My Father’s Wake: How the Irish Teach Us to Live, Love and Die by Kevin Toolis, Weidenfeld, £16.99
As a reporter and film-maker, Kevin Toolis “hunted death” for much of his adult life. He knows the “vinegary blood smell” and “bowelly meatiness” that hang in the air of mortuaries. He has visited a Malawian hospital where Aids sufferers, two to a bed, “lay together befouled in their own diarrhoea”. In Gaza, he has looked down on “a bundle of rags buried in grey dust”, the body of a boy called Ayman. He has interviewed fathers of young men killed by the IRA. He has watched a Sudanese mother use her bare hands to dig the grave of her famished baby.
From his own life story, he recounts, in miniature masterpieces of searing candour and intelligence, his boyhood tuberculosis, when, like an innocent child in a fairy story, he “passed unscathed through a dark wood full of monsters”. He also recalls the early loss of his brother, Bernard, to leukaemia – the catalyst for his career roaming the world in continual pursuit of death.
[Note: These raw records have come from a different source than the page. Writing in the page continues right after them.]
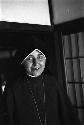 Nun in black habit smiling.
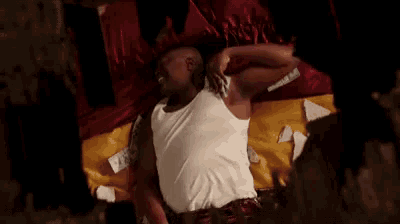 a man in a white tank top is laying on a bed with a bunch of money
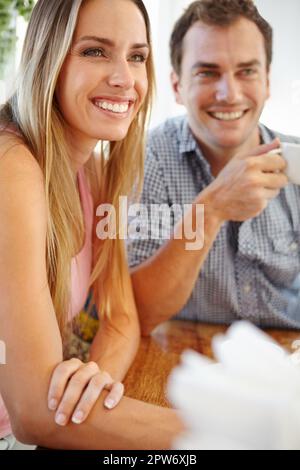 Inizia la giornata con una birra forte. Una giovane coppia attraente che si gode una tazza di caffè nel ristorante Foto Stock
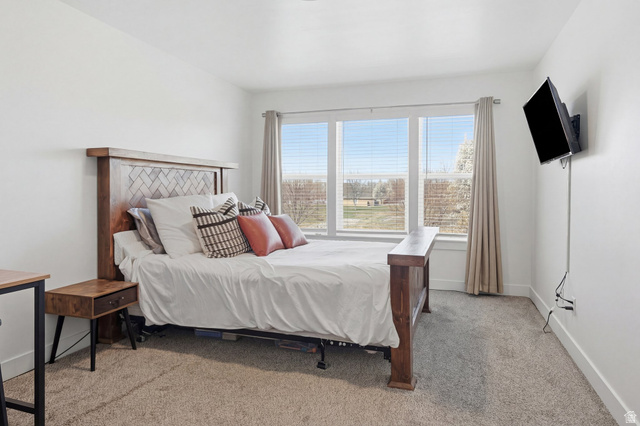 1247 West 1820th Street South Logan, UT 84321 - Photo 9 of 21 Primary Bedroom with natural light.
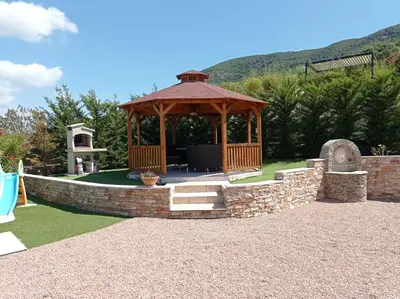 a wooden gazebo with a stone wall at Perula di Machja in Alata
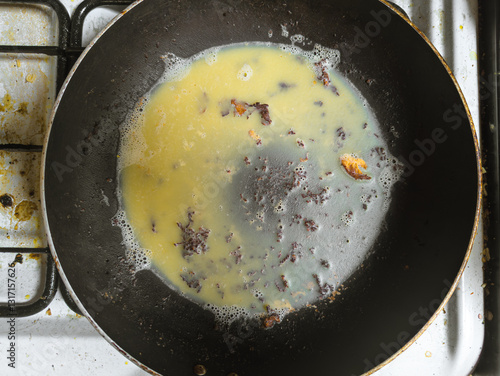 Fotografía A greasy dirty frying pan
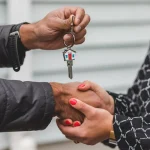 Realtor handing keys to client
Eventually, however, Toolis found that all his searching through “dozens and dozens of destroyed lives” had led him into a “wilderness”, where death had lost all purpose, and so had he.
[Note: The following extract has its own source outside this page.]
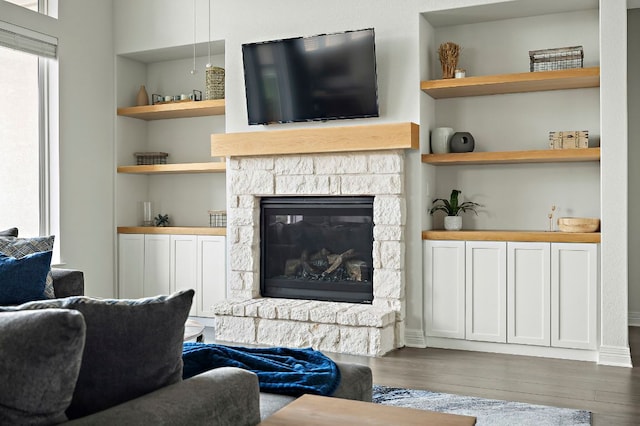 17720 Cain Clearing Pass, Austin, TX 78738 - living room with wood finished floors, built in features, and a stone fireplace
Then his father, Sonny, developed pancreatic cancer, ending his days as “a starved, skeletal husk”, a sight that “scalded the eye”. Yet Toolis concludes that nothing else he has ever done or will do was more important than the days spent at home in County Mayo, first in vigil around Sonny as his life ground towards its end, and then in waking and burying him, swept slowly along by the ancient rituals surrounding death in rural Ireland.
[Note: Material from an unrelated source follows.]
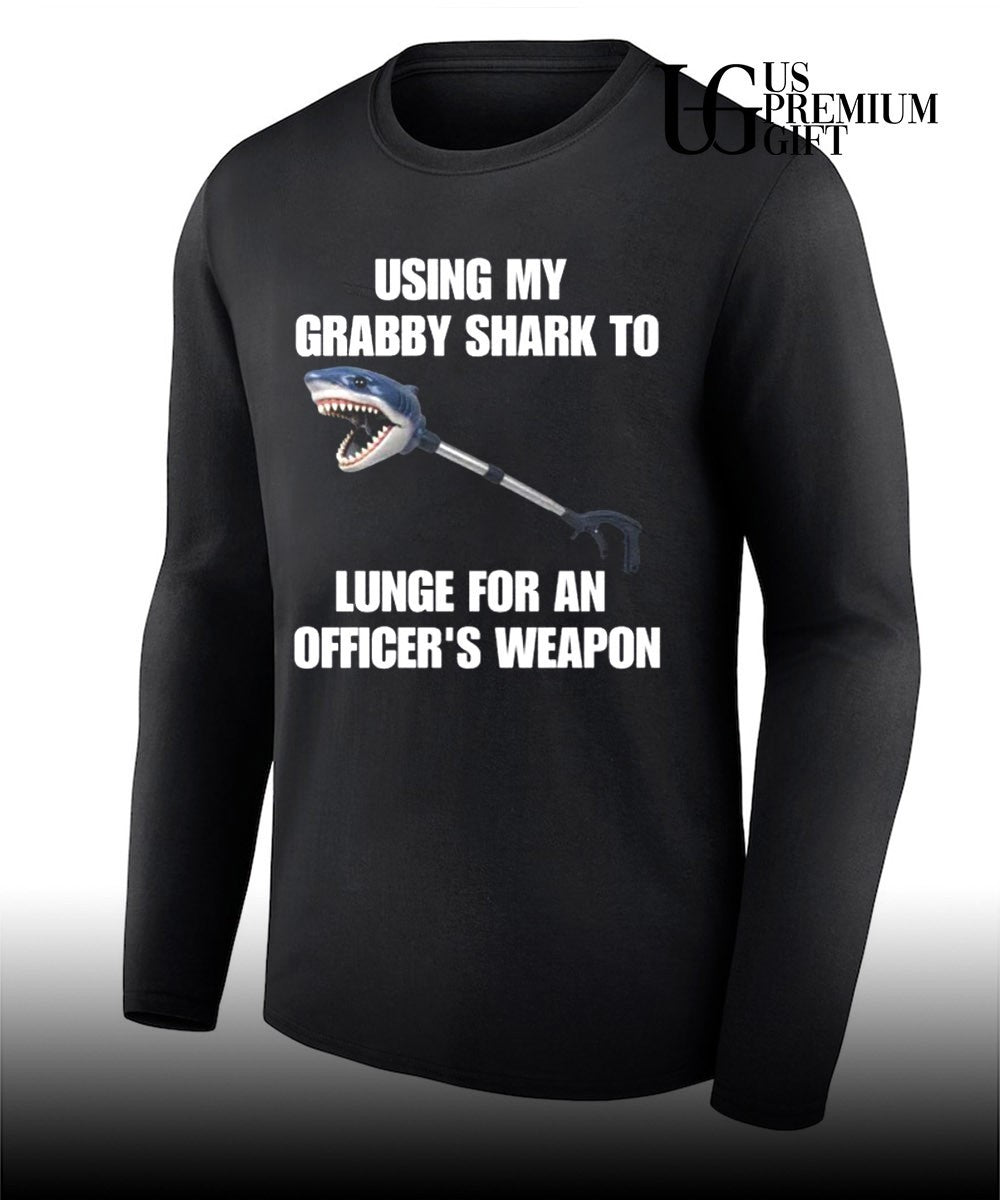 Using my grabby shark to lunge for an officer’s weapon shirt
This was an occasion for “mortal solidarity”, where formulaic condolences allowed everyone to say “out loud together that the world had changed, my father was gone and there was no going back”. The burden of death is “shared out, talked over and tamed”. The rituals – people calling by to take part in the vigil, the open coffin in the family home, the lamentations of grieving women, the quorum of watchful men, even the endless rounds of sandwiches – encourage “unselfish concern for stricken strangers, a reaching out to dress another’s wound”. When it comes to how to die, Kevin Toolis concludes (and I tend to agree): “It will be much easier if we copy what the Irish do already.”
Echoes of these ways are to be found in Homer, a constant reference point for the author, a link between Europe’s last island outpost and one of her most ancient cultures. The book is further enriched by powerful evocations of Mayo’s wild Atlantic shoreline, of the gut-wrenching ruptures of exile and of Sonny’s patient decency. Every page is a cataract of ideas and emotion but, at the same time, Toolis can get to the heart of deep matter in a single phrase. “Death is a whisper in the Anglo-Saxon world” is one such line.
However, this also presages one of the book’s few failings. Toolis lambasts the denial that drives the “Western Death Machine”, where bodies are “taken hostage by the ‘authorities’ to await lawful release and an allotted slot for burning at the local council-run crematorium”. He has a point but, like an irate teenager in fresh possession of a great truth, he finds no room for nuances, exceptions, hidden depths. He even tries to harangue readers into writing down the year they might be expected to die, plying us with helpful statistics.
As for Catholicism, there is a certain amount of irony and distancing from the very first page. On the whitewashed wall above his father’s bed, “a cheap print of a ruddy-faced Jesus Christ, his heart exposed and his arms outstretched, offered eternal salvation to his followers”. Christian religion flits in and out of the remainder of the book. Some references are neutral, others vaguely hostile, but almost all are brief. There is no all-out assault until near the end and a neighbour’s devastating account of being denied a proper burial for her stillborn son by “pompous, frocked, dog-collared men”.
We are left to conclude that the faith of his father unlocks no meaning to the final days of Sonny’s life. It is an irrelevant trick played by a “fallen religious empire”. The implications of Christ’s sufferings, of the prayers said over his father’s body, of the beads entwined in lifeless fingers, never really come up for consideration.
Toolis lingers a little over the singing of In Paradisum as Sonny leaves his house for the last time, but the funeral Mass is dealt with in the space of a single sentence. A final verse of the rosary said in Irish by the graveside is brushed aside too. To his son, the fates of Hector and Patroclus bear far more significance than Sonny’s own religion.
I take my hat off to Kevin Toolis. He is not one to blink or flinch before life and death at their most disturbing, but he is alive to beauty and consolation too. He is ready to bare his soul. And he can write it all down in a way that few of us could hope to match.